Ransomware Group: CLOAK

VICTIM NAME: Pe*************[.]lk

NOTE: No files or stolen information are [exfiltrated/downloaded/taken/hosted/seen/reposted/disclosed] by RedPacket Security. Any legal issues relating to the content of the files should be directed at the attackers directly, not RedPacket Security. This blog is simply posting an editorial news post informing that a company has fallen victim to a ransomware attack. RedPacket Security is in no way affiliated or aligned with any ransomware threat actors or groups and will not host infringing content. The information on this page is fully automated and redacted whilst being scraped directly from the CLOAK Onion Dark Web Tor Blog page.

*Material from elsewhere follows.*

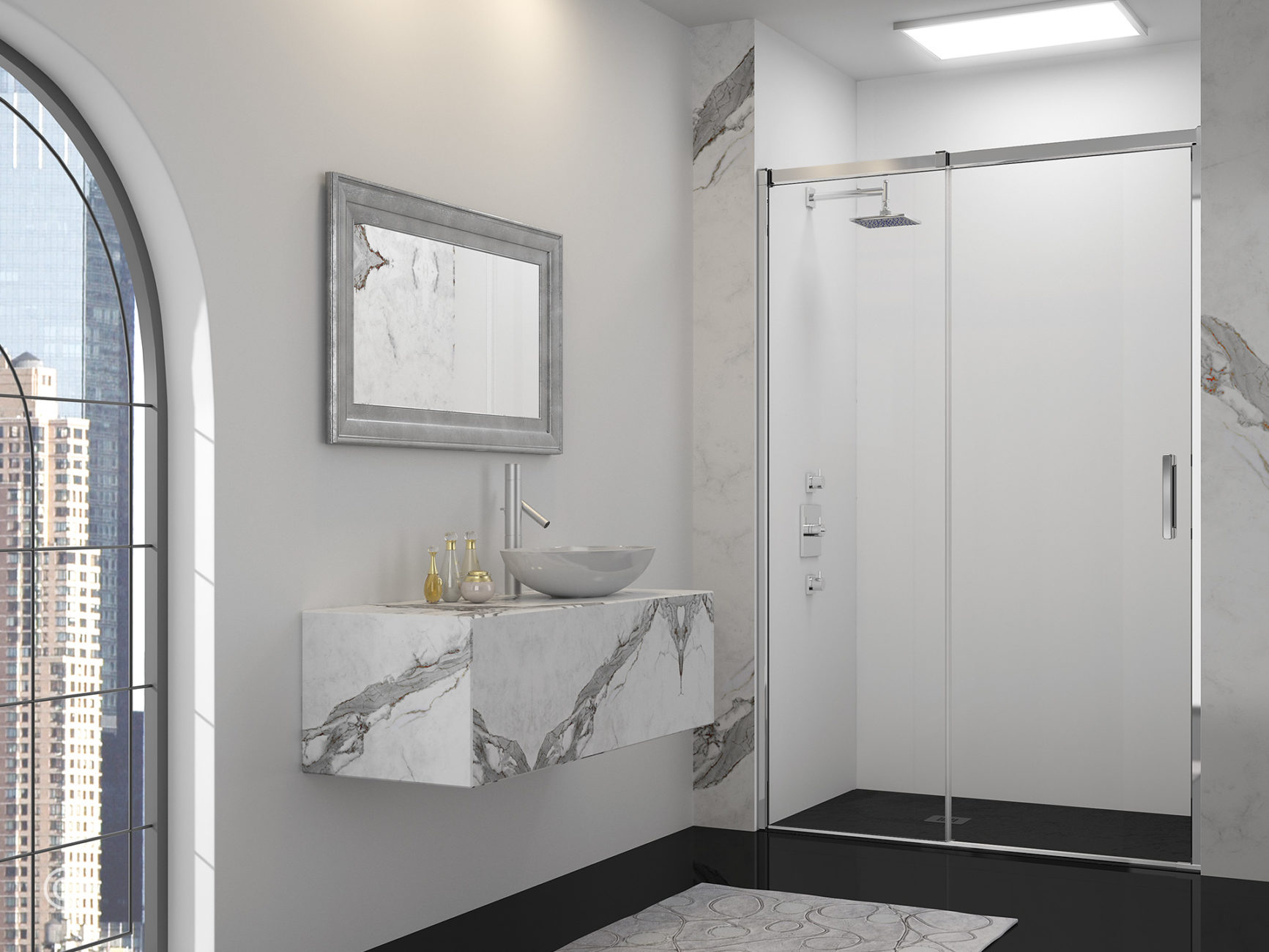 Дверь в нишу GSR1175H L или R Merlyn Arysto Хромированный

AI Generated Summary of the Ransomware Leak Page

The leak page pertains to a victim identified by a masked domain associated with the Sri Lankan region. The attack’s compromise date is recorded as April 18, 2025, indicating the timeframe when the data breach was identified. The page does not specify details regarding the nature of the compromised data or the attack vector, and there is no available description or additional information about the victim’s industry or operations. The page appears to be part of a monitoring platform dedicated to ransomware-related leaks, and it includes a screenshot or visual evidence, although the specific content of the screenshot is not provided. No download links or data files are explicitly mentioned or available publicly on the page. The incident’s details are limited, focusing primarily on the victim’s domain without revealing sensitive or PII-related information. The page’s purpose seems to be to document and index this particular data leak for awareness and record-keeping within cybersecurity communities. Further technical or forensic insights are not available based on the provided data.

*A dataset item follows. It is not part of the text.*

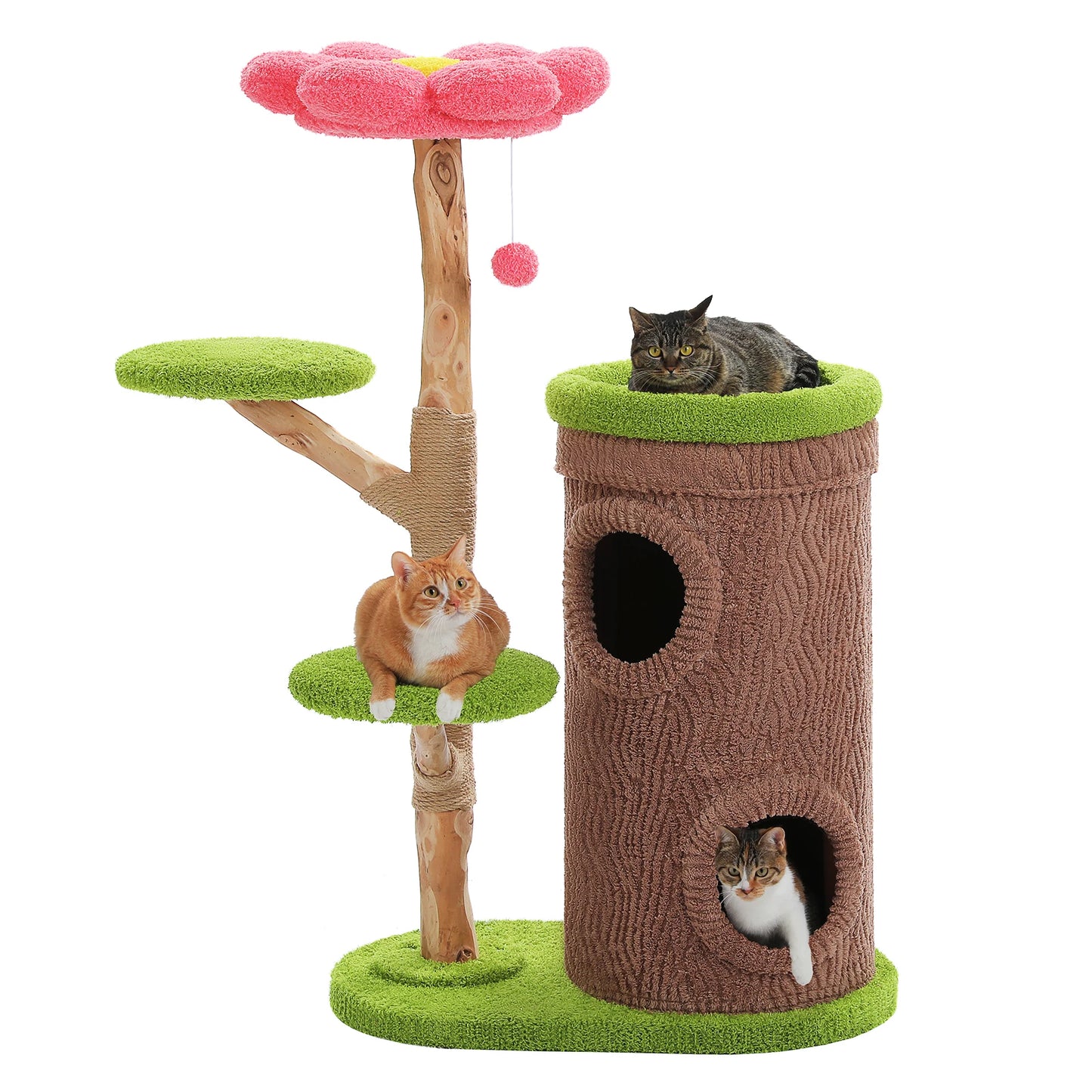 PAWZ Road Large Cat Tree Tower With 4 Condos And Scratching Post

As per the available information, no specific details about the leaked content, such as types of documents or sensitive data, are disclosed. The incident’s timeline suggests that the breach was identified and publicly recorded on the same day it was discovered. The organization’s activity remains unspecified, and no country information has been provided, limiting contextual understanding. The leak appears to be part of a broader effort to catalog ransomware incidents, but without explicit technical details or the nature of the compromise, the focus remains on the incident’s existence and date. Further investigation or publicly available data would be required for a comprehensive threat assessment or remediation guidance. The lack of detailed content emphasizes the importance of proactive cybersecurity measures for potential targets and organizations operating in similar contexts.